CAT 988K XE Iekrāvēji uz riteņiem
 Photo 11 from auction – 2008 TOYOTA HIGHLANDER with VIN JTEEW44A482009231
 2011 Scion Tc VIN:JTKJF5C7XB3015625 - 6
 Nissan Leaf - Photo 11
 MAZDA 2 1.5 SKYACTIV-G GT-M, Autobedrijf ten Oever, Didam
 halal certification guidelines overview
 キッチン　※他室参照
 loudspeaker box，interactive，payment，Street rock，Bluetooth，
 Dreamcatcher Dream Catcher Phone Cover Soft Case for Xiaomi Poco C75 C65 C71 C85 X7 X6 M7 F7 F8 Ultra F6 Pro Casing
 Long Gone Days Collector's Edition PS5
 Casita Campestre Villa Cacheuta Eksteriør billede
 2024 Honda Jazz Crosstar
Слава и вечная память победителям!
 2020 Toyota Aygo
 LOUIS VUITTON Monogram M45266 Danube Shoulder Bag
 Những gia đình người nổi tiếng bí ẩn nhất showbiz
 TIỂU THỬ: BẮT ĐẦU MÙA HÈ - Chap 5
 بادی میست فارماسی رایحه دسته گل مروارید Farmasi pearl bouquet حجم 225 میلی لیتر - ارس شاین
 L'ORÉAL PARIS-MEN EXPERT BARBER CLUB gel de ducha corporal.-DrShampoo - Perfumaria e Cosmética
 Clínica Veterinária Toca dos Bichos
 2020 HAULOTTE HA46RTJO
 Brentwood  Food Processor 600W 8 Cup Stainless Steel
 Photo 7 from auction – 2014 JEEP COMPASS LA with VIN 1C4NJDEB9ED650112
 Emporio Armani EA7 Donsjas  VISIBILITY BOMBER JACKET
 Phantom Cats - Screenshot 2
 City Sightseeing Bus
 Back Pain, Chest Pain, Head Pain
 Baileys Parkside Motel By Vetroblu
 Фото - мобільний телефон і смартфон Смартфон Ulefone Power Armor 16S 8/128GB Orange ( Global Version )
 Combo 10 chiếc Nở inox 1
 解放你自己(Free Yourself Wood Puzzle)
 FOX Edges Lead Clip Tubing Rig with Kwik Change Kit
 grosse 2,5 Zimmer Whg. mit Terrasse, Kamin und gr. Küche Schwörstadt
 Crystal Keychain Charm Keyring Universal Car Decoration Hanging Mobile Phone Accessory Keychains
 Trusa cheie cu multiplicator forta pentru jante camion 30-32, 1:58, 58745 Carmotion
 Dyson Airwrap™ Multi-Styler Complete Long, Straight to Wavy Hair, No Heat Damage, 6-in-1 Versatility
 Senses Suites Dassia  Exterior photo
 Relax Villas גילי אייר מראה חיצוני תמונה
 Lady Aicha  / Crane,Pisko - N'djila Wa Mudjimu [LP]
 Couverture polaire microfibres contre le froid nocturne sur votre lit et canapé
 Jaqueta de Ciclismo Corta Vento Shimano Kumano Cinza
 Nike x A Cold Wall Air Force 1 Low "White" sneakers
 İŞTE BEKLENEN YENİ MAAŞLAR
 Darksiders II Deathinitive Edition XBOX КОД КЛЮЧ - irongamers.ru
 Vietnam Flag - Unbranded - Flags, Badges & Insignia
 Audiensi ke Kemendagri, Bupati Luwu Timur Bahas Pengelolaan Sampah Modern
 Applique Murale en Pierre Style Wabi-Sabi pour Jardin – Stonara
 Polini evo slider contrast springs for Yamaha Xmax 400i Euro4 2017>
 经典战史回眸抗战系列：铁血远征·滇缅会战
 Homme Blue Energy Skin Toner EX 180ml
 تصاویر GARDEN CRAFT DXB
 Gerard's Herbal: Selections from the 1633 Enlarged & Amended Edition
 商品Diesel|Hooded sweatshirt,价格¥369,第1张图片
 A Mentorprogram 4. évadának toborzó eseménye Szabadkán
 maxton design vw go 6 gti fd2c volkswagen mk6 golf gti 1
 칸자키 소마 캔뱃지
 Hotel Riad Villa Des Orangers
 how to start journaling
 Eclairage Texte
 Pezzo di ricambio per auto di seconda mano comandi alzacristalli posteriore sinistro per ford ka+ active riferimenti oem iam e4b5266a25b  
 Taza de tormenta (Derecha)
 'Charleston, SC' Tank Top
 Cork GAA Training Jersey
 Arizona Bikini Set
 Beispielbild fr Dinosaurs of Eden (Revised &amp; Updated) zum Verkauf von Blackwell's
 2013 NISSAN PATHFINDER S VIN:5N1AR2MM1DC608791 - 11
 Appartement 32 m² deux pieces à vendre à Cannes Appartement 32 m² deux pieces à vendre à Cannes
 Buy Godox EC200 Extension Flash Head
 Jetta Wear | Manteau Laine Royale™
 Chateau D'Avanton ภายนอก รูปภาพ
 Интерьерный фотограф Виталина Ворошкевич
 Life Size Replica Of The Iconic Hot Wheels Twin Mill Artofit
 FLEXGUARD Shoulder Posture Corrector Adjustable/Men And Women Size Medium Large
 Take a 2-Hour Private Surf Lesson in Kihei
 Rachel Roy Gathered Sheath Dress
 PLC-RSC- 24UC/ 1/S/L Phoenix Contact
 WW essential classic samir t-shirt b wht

• WHAT THIS TASK INVOLVES:
An exact copy of all the records above is the required answer.

• ANSWER BOX:
CAT 988K XE Iekrāvēji uz riteņiem
 Photo 11 from auction – 2008 TOYOTA HIGHLANDER with VIN JTEEW44A482009231
 2011 Scion Tc VIN:JTKJF5C7XB3015625 - 6
 Nissan Leaf - Photo 11
 MAZDA 2 1.5 SKYACTIV-G GT-M, Autobedrijf ten Oever, Didam
 halal certification guidelines overview
 キッチン　※他室参照
 loudspeaker box，interactive，payment，Street rock，Bluetooth，
 Dreamcatcher Dream Catcher Phone Cover Soft Case for Xiaomi Poco C75 C65 C71 C85 X7 X6 M7 F7 F8 Ultra F6 Pro Casing
 Long Gone Days Collector's Edition PS5
 Casita Campestre Villa Cacheuta Eksteriør billede
 2024 Honda Jazz Crosstar
Слава и вечная память победителям!
 2020 Toyota Aygo
 LOUIS VUITTON Monogram M45266 Danube Shoulder Bag
 Những gia đình người nổi tiếng bí ẩn nhất showbiz
 TIỂU THỬ: BẮT ĐẦU MÙA HÈ - Chap 5
 بادی میست فارماسی رایحه دسته گل مروارید Farmasi pearl bouquet حجم 225 میلی لیتر - ارس شاین
 L'ORÉAL PARIS-MEN EXPERT BARBER CLUB gel de ducha corporal.-DrShampoo - Perfumaria e Cosmética
 Clínica Veterinária Toca dos Bichos
 2020 HAULOTTE HA46RTJO
 Brentwood  Food Processor 600W 8 Cup Stainless Steel
 Photo 7 from auction – 2014 JEEP COMPASS LA with VIN 1C4NJDEB9ED650112
 Emporio Armani EA7 Donsjas  VISIBILITY BOMBER JACKET
 Phantom Cats - Screenshot 2
 City Sightseeing Bus
 Back Pain, Chest Pain, Head Pain
 Baileys Parkside Motel By Vetroblu
 Фото - мобільний телефон і смартфон Смартфон Ulefone Power Armor 16S 8/128GB Orange ( Global Version )
 Combo 10 chiếc Nở inox 1
 解放你自己(Free Yourself Wood Puzzle)
 FOX Edges Lead Clip Tubing Rig with Kwik Change Kit
 grosse 2,5 Zimmer Whg. mit Terrasse, Kamin und gr. Küche Schwörstadt
 Crystal Keychain Charm Keyring Universal Car Decoration Hanging Mobile Phone Accessory Keychains
 Trusa cheie cu multiplicator forta pentru jante camion 30-32, 1:58, 58745 Carmotion
 Dyson Airwrap™ Multi-Styler Complete Long, Straight to Wavy Hair, No Heat Damage, 6-in-1 Versatility
 Senses Suites Dassia  Exterior photo
 Relax Villas גילי אייר מראה חיצוני תמונה
 Lady Aicha  / Crane,Pisko - N'djila Wa Mudjimu [LP]
 Couverture polaire microfibres contre le froid nocturne sur votre lit et canapé
 Jaqueta de Ciclismo Corta Vento Shimano Kumano Cinza
 Nike x A Cold Wall Air Force 1 Low "White" sneakers
 İŞTE BEKLENEN YENİ MAAŞLAR
 Darksiders II Deathinitive Edition XBOX КОД КЛЮЧ - irongamers.ru
 Vietnam Flag - Unbranded - Flags, Badges & Insignia
 Audiensi ke Kemendagri, Bupati Luwu Timur Bahas Pengelolaan Sampah Modern
 Applique Murale en Pierre Style Wabi-Sabi pour Jardin – Stonara
 Polini evo slider contrast springs for Yamaha Xmax 400i Euro4 2017>
 经典战史回眸抗战系列：铁血远征·滇缅会战
 Homme Blue Energy Skin Toner EX 180ml
 تصاویر GARDEN CRAFT DXB
 Gerard's Herbal: Selections from the 1633 Enlarged & Amended Edition
 商品Diesel|Hooded sweatshirt,价格¥369,第1张图片
 A Mentorprogram 4. évadának toborzó eseménye Szabadkán
 maxton design vw go 6 gti fd2c volkswagen mk6 golf gti 1
 칸자키 소마 캔뱃지
 Hotel Riad Villa Des Orangers
 how to start journaling
 Eclairage Texte
 Pezzo di ricambio per auto di seconda mano comandi alzacristalli posteriore sinistro per ford ka+ active riferimenti oem iam e4b5266a25b  
 Taza de tormenta (Derecha)
 'Charleston, SC' Tank Top
 Cork GAA Training Jersey
 Arizona Bikini Set
 Beispielbild fr Dinosaurs of Eden (Revised &amp; Updated) zum Verkauf von Blackwell's
 2013 NISSAN PATHFINDER S VIN:5N1AR2MM1DC608791 - 11
 Appartement 32 m² deux pieces à vendre à Cannes Appartement 32 m² deux pieces à vendre à Cannes
 Buy Godox EC200 Extension Flash Head
 Jetta Wear | Manteau Laine Royale™
 Chateau D'Avanton ภายนอก รูปภาพ
 Интерьерный фотограф Виталина Ворошкевич
 Life Size Replica Of The Iconic Hot Wheels Twin Mill Artofit
 FLEXGUARD Shoulder Posture Corrector Adjustable/Men And Women Size Medium Large
 Take a 2-Hour Private Surf Lesson in Kihei
 Rachel Roy Gathered Sheath Dress
 PLC-RSC- 24UC/ 1/S/L Phoenix Contact
 WW essential classic samir t-shirt b wht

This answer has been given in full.